• EXERCISE GOAL:
When you reach the line containing "1009 Riverside Drive", begin reproducing the lines exactly and continue through the end of the listing, leaving out the pictures.

################

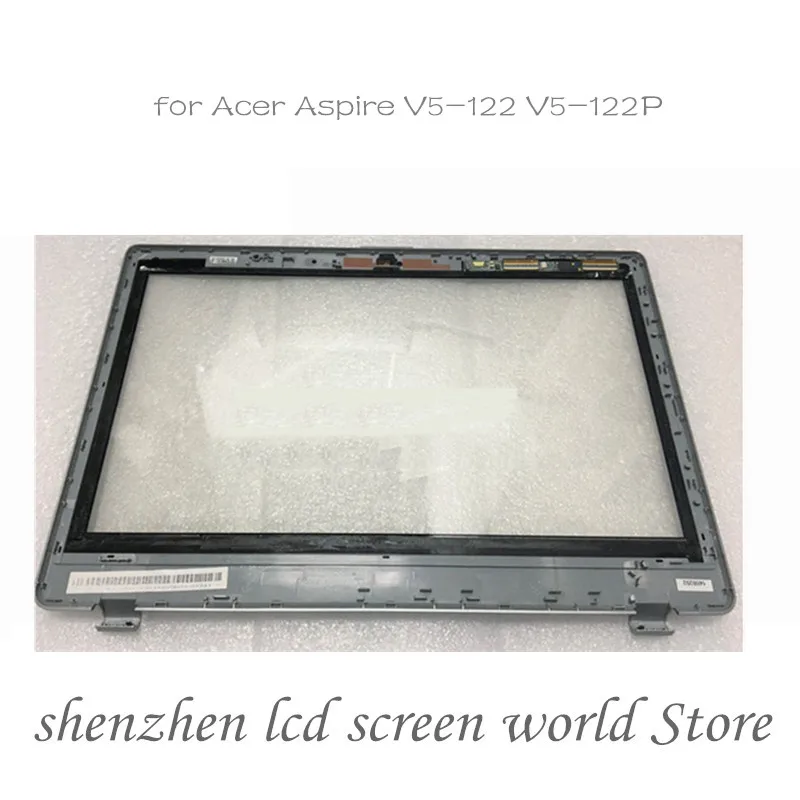 original For Acer Aspire V5-122 V5-122P 11.6&quot Inch Touch Screen front Digitizer Glass Panel | Компьютеры и офис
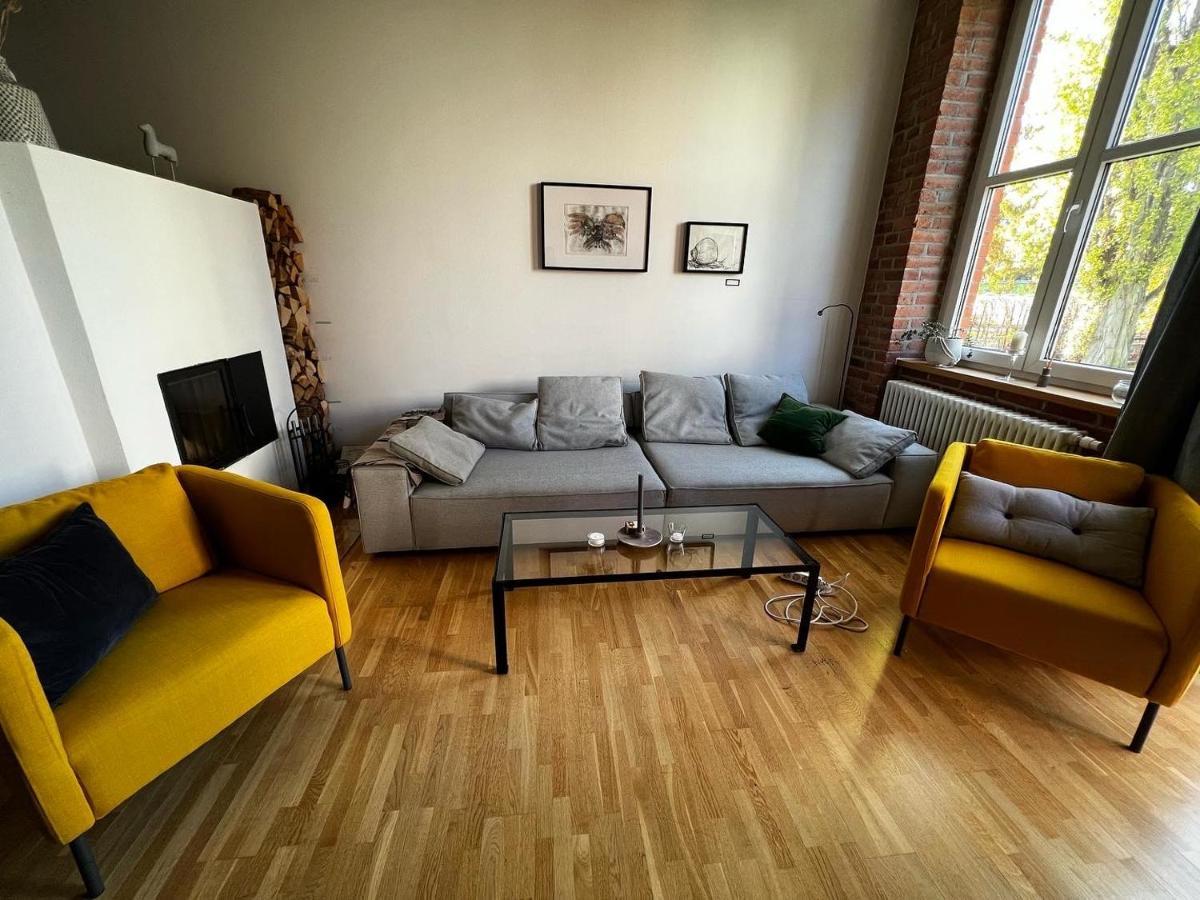 Aryve Jc Studio - Altstadtnahes Boutique Apartment Inklusive Kostenfreiem Parkplatz Erfurt Exteriör bild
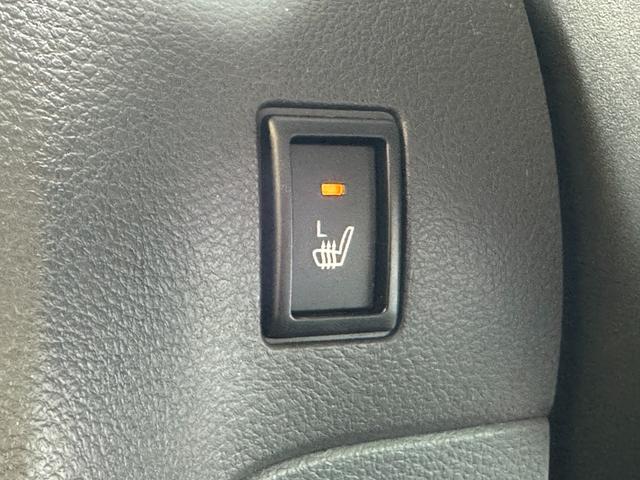 スペーシア Xリミテッド 禁煙車 レーダーブレーキサポート 衝突軽減ブレーキ カロッツェリアナビTV バックカメラ ETC 両側電動スライドドア プッシュスタートスマートキー シートヒーター アイドリングストップ 純正14AW(21枚目)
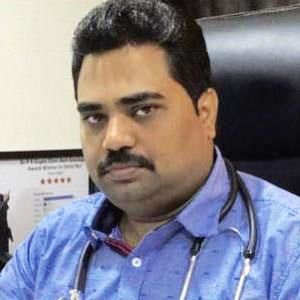 Dr. P.K Gupta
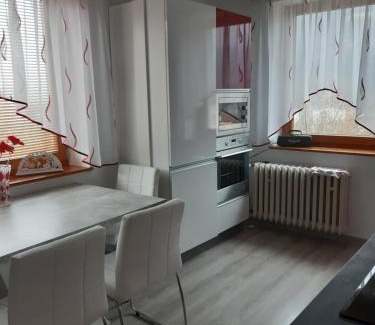 Ruzomberok Apartment | EROPLAN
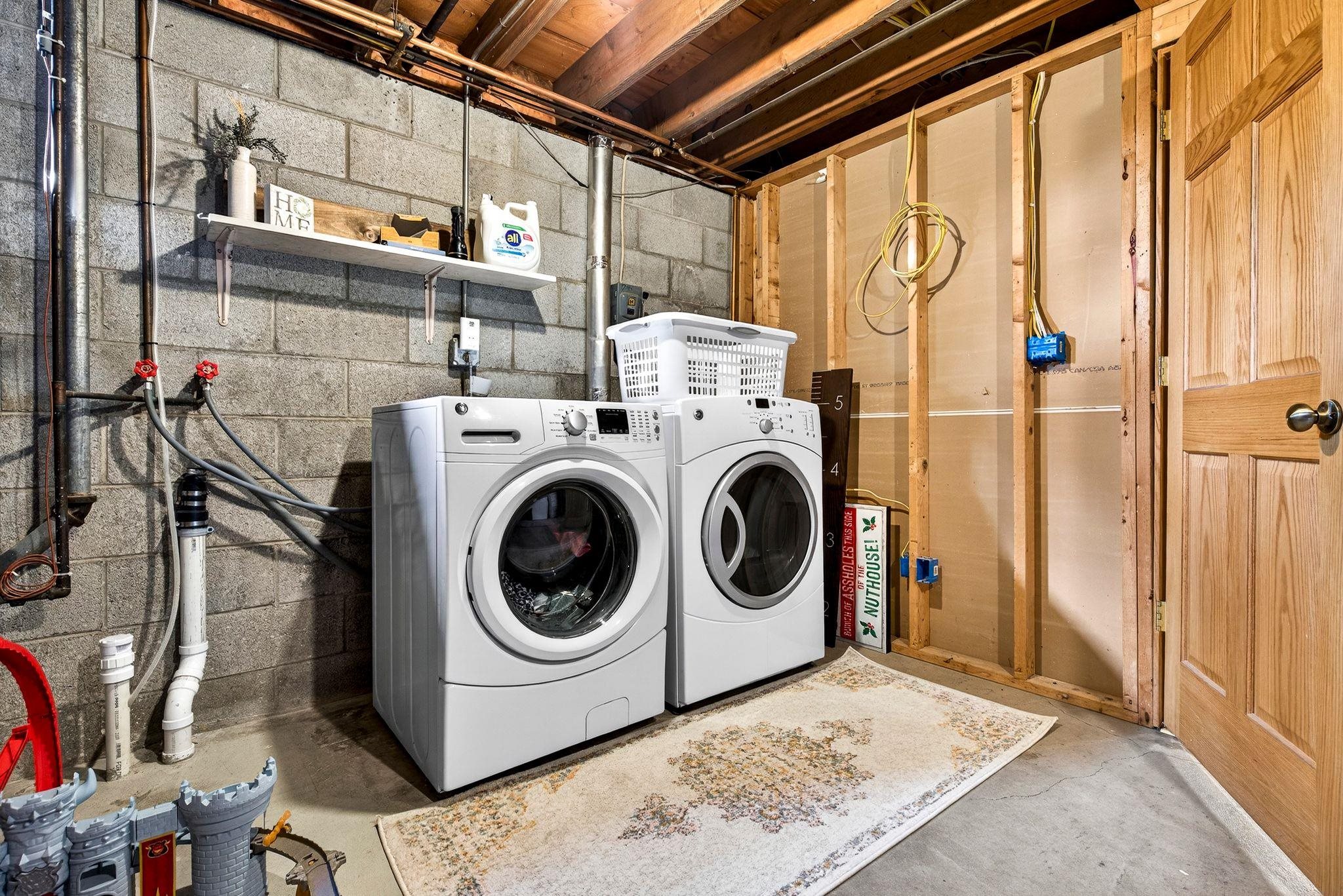 1009 Riverside Drive Waupaca, WI 54981 - Photo 29 of 55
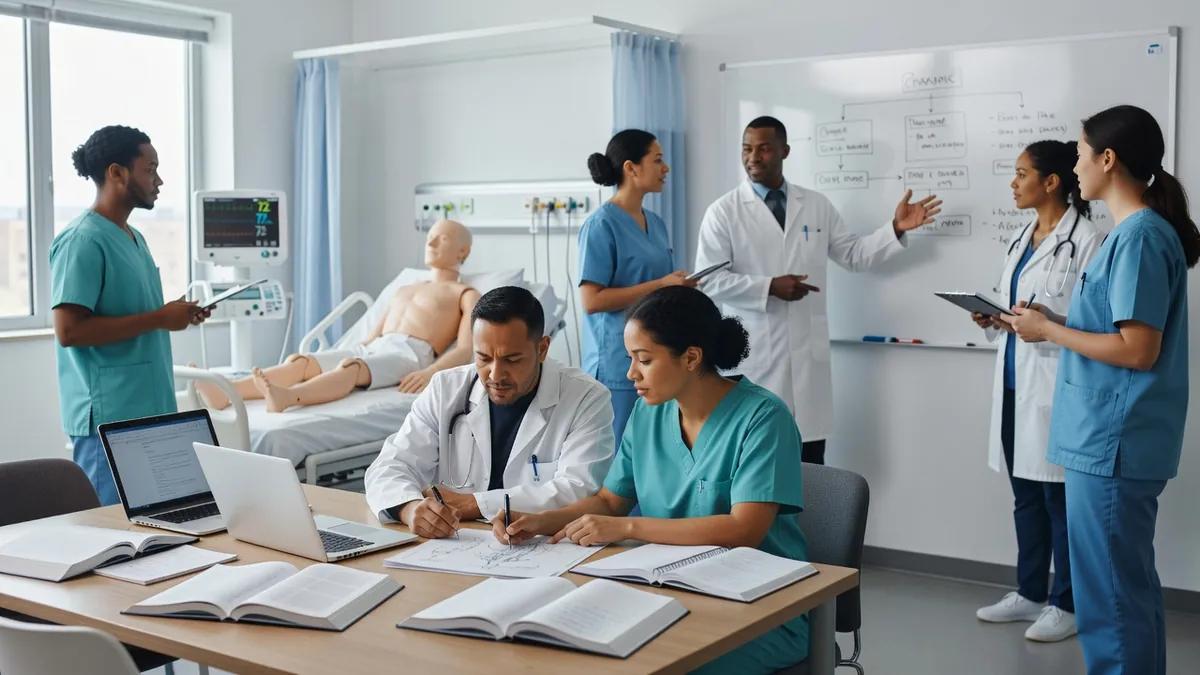 Staying Current in Medicine: Practical Lifelong Learning Tips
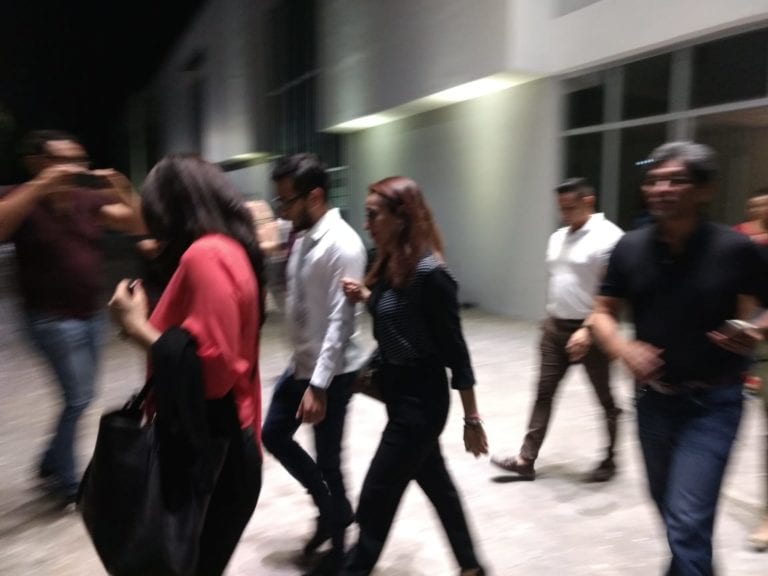 Ex directora de CAPA, culpable de peculado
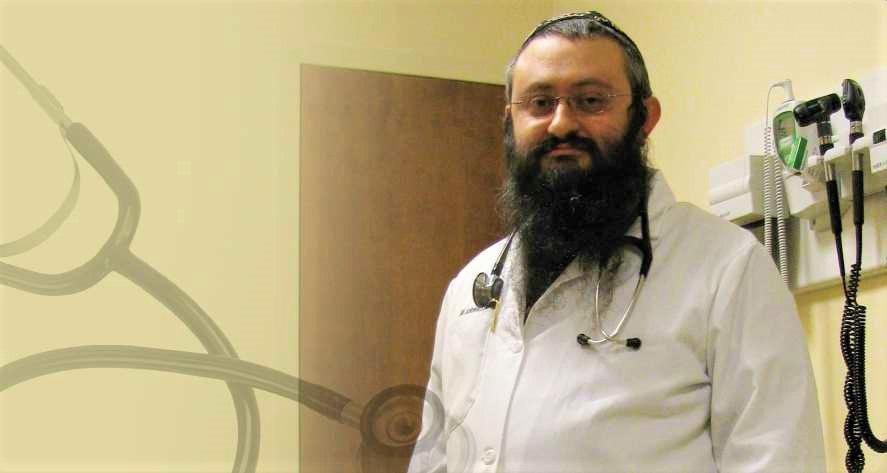 Dr. Zelenko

################

• ANSWER TO THE PROBLEM:
 1009 Riverside Drive Waupaca, WI 54981 - Photo 29 of 55
 Staying Current in Medicine: Practical Lifelong Learning Tips
 Ex directora de CAPA, culpable de peculado
 Dr. Zelenko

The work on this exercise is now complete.